While the Alexandria City Council will begin preliminary planning for the budget when the legislative session kicks off September 10, Mayor Bill Euille said that he wants to discuss adopting a two-year budget process. Taking a longer view could make financial planning easier and more accurate, he said.
City Councilor John Chapman said the benefits of multiyear budget planning outweigh the potential drawbacks. For example, he expects it will push city agencies and outside organizations dependent on local tax dollars to prepare properly or risk being left out in the cold.
“I think the downside to it can be that if you don’t get money, you don’t get it for two years instead of one,” he said. “We might have more competition and urgency from partners or agencies surrounding the money, and I also think that will hopefully push groups, agencies or partners to develop some outcomes and expectations of outcomes when we do give out funding.
“It forces us to think a little bit longer into the future, so I’m for it.”
But Vice Mayor Allison Silberberg will need a bit of convincing before agreeing to replace a process that city leaders have relied on for decades.
“That came up last year at the retreat, and I think [City Councilor] Justin [Wilson] brought it up,” Silberberg said. “[We’ve] always had the system we have, so I’m curious to hear about the pros and cons of each.

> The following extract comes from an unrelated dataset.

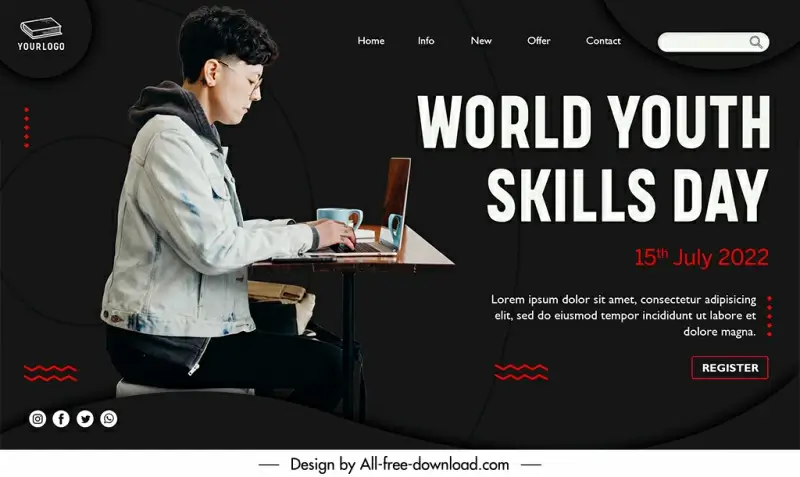 landing page world youth skills day template man working with laptop sketch modern contrast design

I’m not wedded to switching and not against it either. … I’d like to talk to economists and see what other well-managed cities are doing.

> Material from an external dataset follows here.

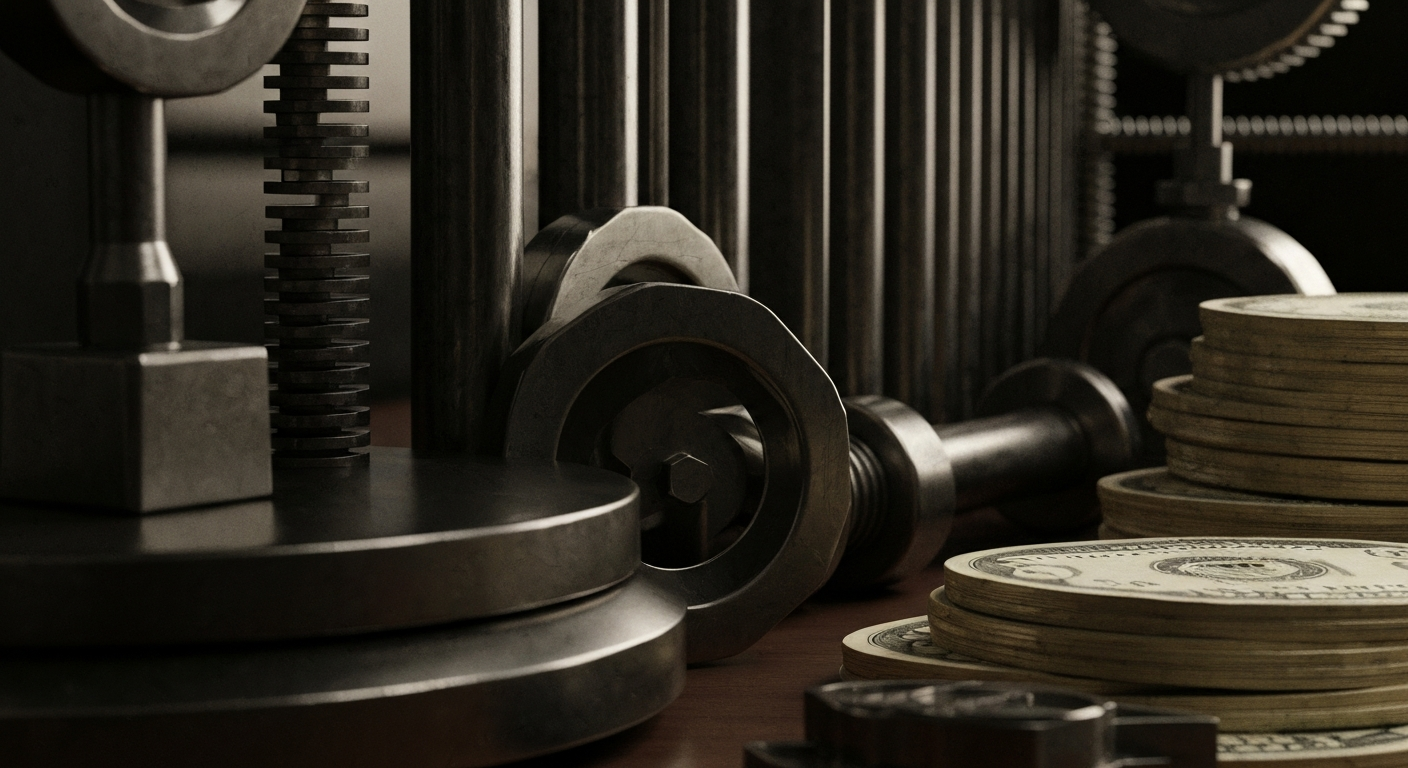 An extreme close-up of intricate, industrial-scale financial machinery and equipment, conveying a sense of institutional power and economic security without depicting any literal currency or financial symbols.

“Personally, I want to make sure we’re careful about decisions like that.”
Along with multiyear budget planning, Euille also wants to improve broadband and fiber-optic Internet access in Alexandria.
“We need to be active in the effort to expand broadband throughout the city,” he said. “It could be through pilot programs, or it might be specific to certain neighborhoods, but we need to see what we can do to make it a reality.

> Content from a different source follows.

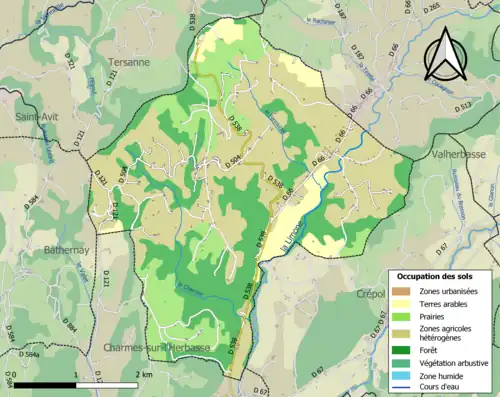 Carte en couleurs présentant l'occupation des sols.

“It’s long overdue. We keep getting businesses and others asking, ‘Why can’t we have fiber?’ And if we keep waiting for others to bring it, we probably won’t ever get there.”
Silberberg believes the best way of promoting investment in tech infrastructure could be through competition. She said in some parts of the city it seems like cable and Internet options are “Comcast or bupkis.”
“It seems to me that in the future we’ll probably have Wi-Fi everywhere, then perhaps that is an option that the city should consider down the road,” she said. “But in the meantime we need more competition.”
But Euille isn’t the only city official presenting an agenda this fall. Chapman said he’s preparing legislation — mirroring a bill passed this summer in Prince George’s County — that provides the city with the first right of refusal to purchase, or enables local nonprofits to purchase, properties for use as affordable housing.
“It’s going to be different [from the Prince George’s County legislation], but I’ve been sitting down with city staff to see what we think we can get done,” Chapman said. “[I’m] working with the development community on it to find a happy medium there … as well as empower some of the nonprofits to make sure that they can have the strategic plans in place to take advantage of this.”
For Silberberg, she wants to make it easier for entrepreneurs to start businesses in Alexandria, possibly by providing a roadmap showcasing the necessary steps before opening a store.
“One person told me that he had walked in to handle one thing and then found out by chance, ‘Did you handle this or that?’ And he found out at the last second — just before his grand opening — that he needed to do one or two things in addition to that,” she said. “He said it was very stressful.”
Silberberg also wants to set up a “conservation shield” for city parkland and open space, partially in light of the buzz surrounding the aborted proposal to lease Hensley Park to private developers for a sports and entertainment complex.
“As we become even more dense than we already are, it’s all the more critical that we have that open space so that people can reflect and get out of their four walls,” she said.
Councilors also will grapple with such lingering concerns this fall as how to regulate food trucks in Alexandria as well as zoning and development issues like the city housing master plan.